ActiveRecord::Persistence.increment! requires a row lock to ensure isolated updates

The method is here: https://github.com/rails/rails/blob/master/activerecord/lib/active_record/persistence.rb#L288.

The method takes the in-memory attribute value and increments it by the specified amount. A safer approach (from an isolation standpoint) would be to let the database determine the value. Instead of telling the database what value to persist in the database, the SQL can written (at least for postgres) so that the database will atomically increment a value:

UPDATE “posts” SET view_count = view_count + 1 WHERE id=123;

Currently, rails generates the following SQL:

UPDATE “posts” SET “view_count” = 3, “updated_at” = ‘2013-01-20 23:20:24.154852’ WHERE “posts”.“id” = 123

It would be great to see a method like this to perform atomic update operations for databases that support it. If there’s support for this, I’m happy to write the patch.
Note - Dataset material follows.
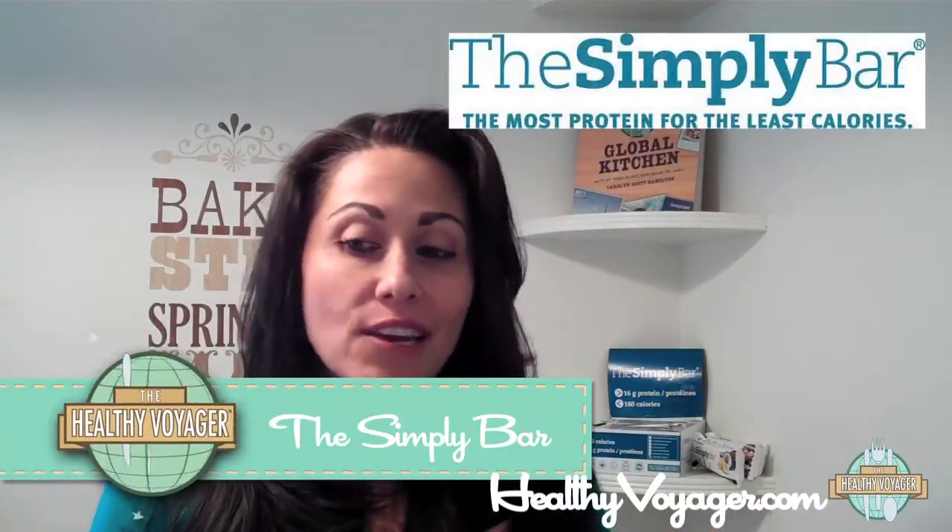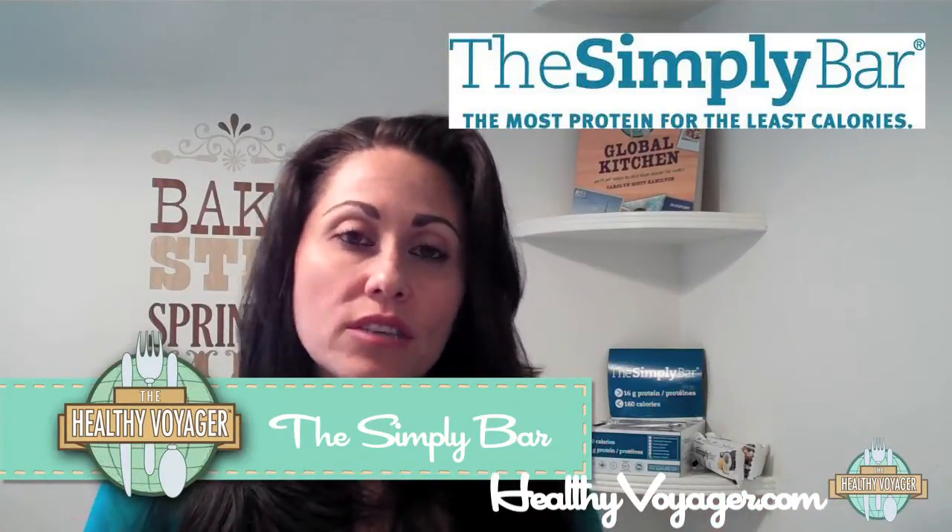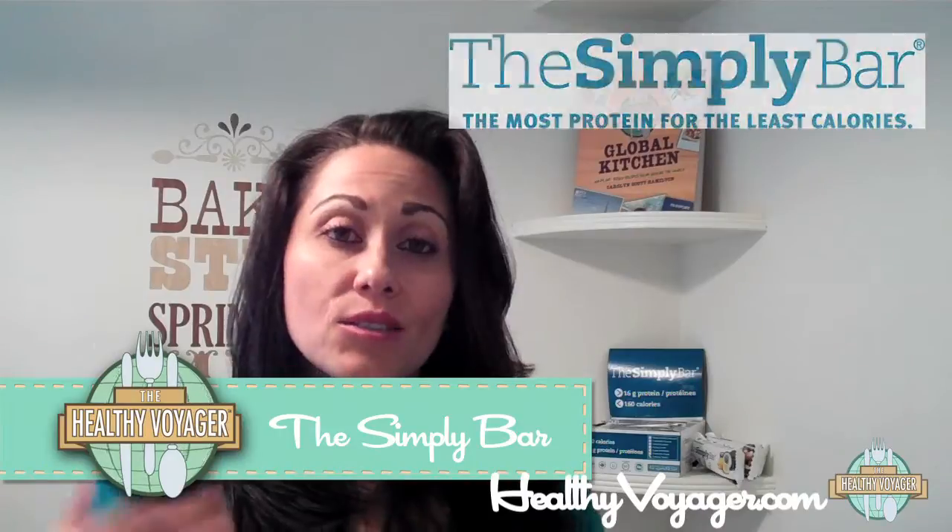Hi everyone, it's me, Carolyn Scott Hamilton, the Healthy Voyager, and my product of the week is the Simply Bar. I know you've heard me talk about all kinds of bars. I love bars because I'm always on the go. I can just toss them in my purse. I always have something. So I'm always looking for new flavors and new companies because it's fun to kind of mix it up.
Thanks!

Interestingly, ActiveRecord::CounterCache does this the appropriate way.

https://github.com/rails/rails/blob/master/activerecord/lib/active_record/counter_cache.rb#L72

Interesting. Hopefully we can get an explanation as to why the increment methods are not done this way, and if the core team would be open to a patch.

  • Alex

+1. The same update statement would work for MySQL as well.

Just a small thing: don’t forget to take the updated_at timestamp into account in your patch. Just mentioning in case.

Segunda-feira, 21 de Janeiro de 2013 0:56:37 UTC+1, ajsharp escreveu:

I may be wrong but that's my understanding: #increment happens at instance
level, so it takes into account the current value at that particular
instance, whereas .update_counters is just a straight sql query, so it can
operate using column + value directly. If you want to allow the database to
determine the value, use the latter.

I understand what you mena. However, how would one handle such an increment on concurrent threads/processes? You do have to handle the ambiguity somehow. Delegate the responsibility to the DB sounds reasonable, but some more inputs would be nice.

Segunda-feira, 21 de Janeiro de 2013 0:56:37 UTC+1, ajsharp escreveu:

But increment is inherently subject to concurrency issues, and the only way to safely avoid them is to use a row level lock when incrementing the value, which presents a whole host of complications of its own.

Cheers,

Alex Sharp

Yea, good point, the DB does not return updated value to the client, it
just returns "UPDATE 1". Curious if there's a way to alter that behavior at
the DB level.

Side note on the updated_at column; the .update_counters method relies on
.update_all, so it does not bump the updated_at timestamp. This is not
that unexpected since the column timestamping is handled via the .create
and .update methods for ActiveRecord::Base. While I agree it seems bad to
have public methods changing the record without changing the updated_at
(thereby breaking the cache key), doing so would be inconsistent with some
similar AR mechanisms already in place.

Yea, I've never *really* understood the AR distinction between things that
update the timestamp and things that don't. In my mind, it's a blurry line
that is defined somewhere along the lines of "has the model really been
updated, or did you just update a counter?".

Given a vacuum though, I'd prefer to bust the cache implicitly when I'm
bumping a counter.

By "bust the cache", do you just mean update the counter?

By “bust the cache”, do you just mean update the counter?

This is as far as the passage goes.